Some dragon fruit flesh is snow white, but some is bright magenta. Unlike with berries, you can’t easily tell what you’re getting by looking at the outside of this one; both the fuchsia-fleshed and white-fleshed varieties are neon pink outside, though some sources say the pink-fleshed ones are generally smaller. Thanks to the rising/enduring popularity of smoothies and açaí bowls, you may be able to find the magenta dragon fruit flesh in the freezer section of your store all year long, and you’ll probably see the fresh fruit year-round too, but the natural growing season starts in midsummer, so we’re counting it here along with more familiar summer fruits. (And there are just as many great things to do with dragon fruit.)
Examples: yellow peaches, mangoes, cantaloupe, apricots, nectarines
As mentioned when talking about tomatoes, lycopene is one type of carotenoid that causes red coloration in produce, but other types of carotenoids include lutein and beta carotene, which are responsible for yellow and orange pigments, like you see in peaches, mangoes, cantaloupe, apricots, and nectarines (as well as carrots, of course, plus corn, squash, and pumpkin). These compounds are thought to help prevent cancer and eye disease—so there’s some truth to the longstanding claim that carrots are good for your eyes; but so are other foods rich in beta carotene.
Now, remember how we mentioned that many fruits and veggies contain multiple color-influencing compounds at once? Raspberries are a great example. When we think of them, we usually think of brilliant ruby red or deep pink-tinged berries, but golden raspberries also exist, and are completely natural (i.e. not genetically modified, although selective breeding has made it possible to grow them on a larger commercial scale).
Both types of raspberries contain beta carotene, but red raspberries also contain the aforementioned anthocyanins, which mask or override the golden coloring they would otherwise have, and make them bright red instead. Since golden raspberries lack those additional anthocyanins, that leaves their beta carotene to shine through in their lovely color, which can range from a pale straw yellow to more of a muted orange, or even edge into a sort of rose-gold.
Produce giant Driscoll’s cultivates regular golden raspberries and “sunshine raspberries” (a name patented by them) which are available at many major supermarkets, but it’s worth checking out local farmers markets for these rarer berries too. Golden raspberries happen to be less tart than red raspberries, but they can be used in all the same ways, including in jams, preserves, pies, and tarts. Try turning them into cordial too, to ensure a little sunshine during winter, regardless of what the weather has in store.
Examples: kiwi fruit, gooseberries
All plants contain chlorophyll, which makes them green when they’re growing, but most fruits and vegetables lose the pigment as they ripen. Kiwi fruits—which are native to China and were originally called Chinese gooseberries, then melonettes, but got their current name once they became an established export from New Zealand—hold on to a higher proportion of chlorophyll than many fruits. However, they also contain carotenoids and anthocyanins, hence their fetching peridot hue (as opposed to a deeper emerald shade like chlorophyll-rich spinach, which also happens to contain a lot of beta carotene, but that’s masked by the even larger amount of chlorophyll in the leaves; it’s all a delicate balancing act).

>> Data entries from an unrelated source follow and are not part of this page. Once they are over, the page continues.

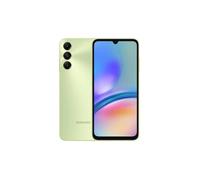 Samsung Galaxy SM-A057GLGVEUB smartphone 17 cm (6.7") Double SIM 4G USB Type-C 4 Go 128 Go 5000 mAh Vert clair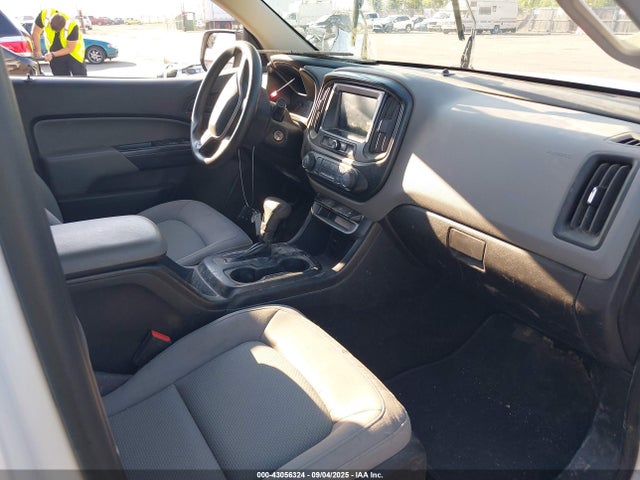 1GCGTBEN5J1272691 Chevrolet lgz - di: direct injection, vvt: variable valve timing, alum, var2, gen2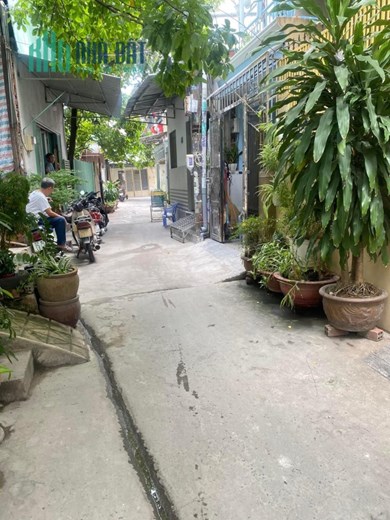 Chủ giảm sâu bán nhà Đinh Bộ Lĩnh DTSD 150m2 5 tầng giá chỉ hơn 4 tỷ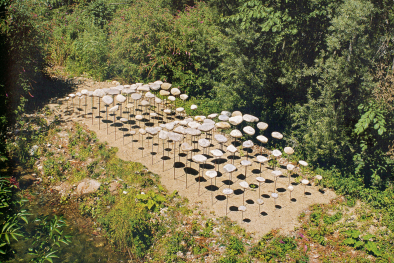 Skulpturenwanderweg
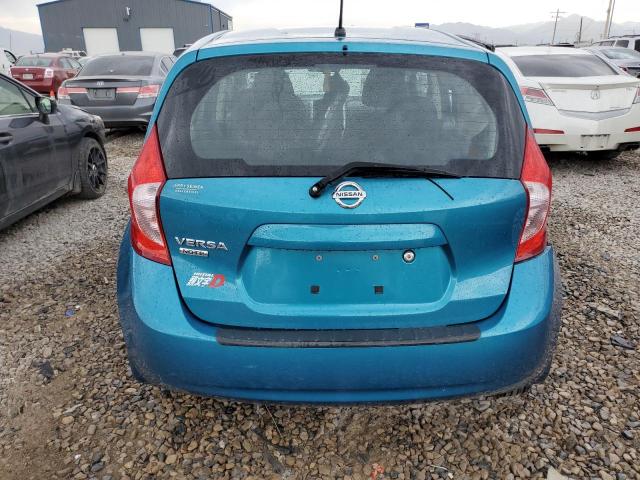 3N1CE2CP9FL432412 Nissan Versa Note S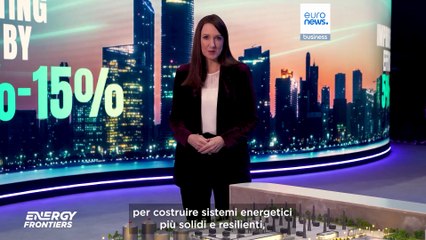 ADIPEC punta sull'IA per aumentare la sicurezza e ridurre le perdite di metano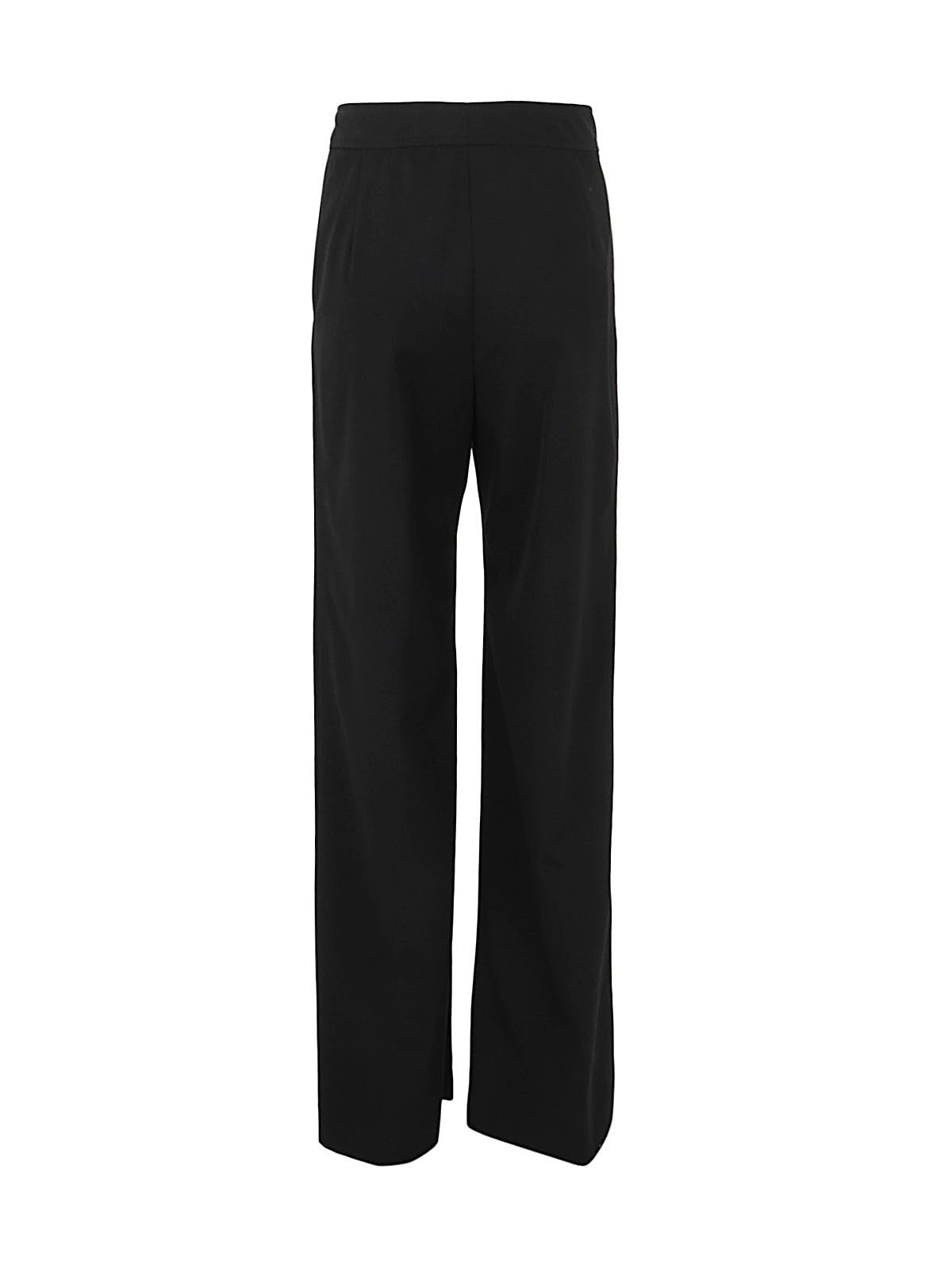 Dries Van Noten PANTERY PANTS Size 28" / US 6 / IT 42 - 2 Thumbnail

Golden kiwi fruit, which is a naturally-crossbred 20th century innovation, is higher in the carotenoid lutein, which would suggest you get more health benefits in addition to a pronounced yellow color, but regular green kiwi is still considered a superfood, thanks to its outstanding nutritional density; it’s packed with fiber, vitamins, minerals, and potassium, while being remarkably low in sugar and calories—meaning, even if you turn it into sorbet for dessert, it’s still pretty healthy. And it keeps its beautiful color intact too.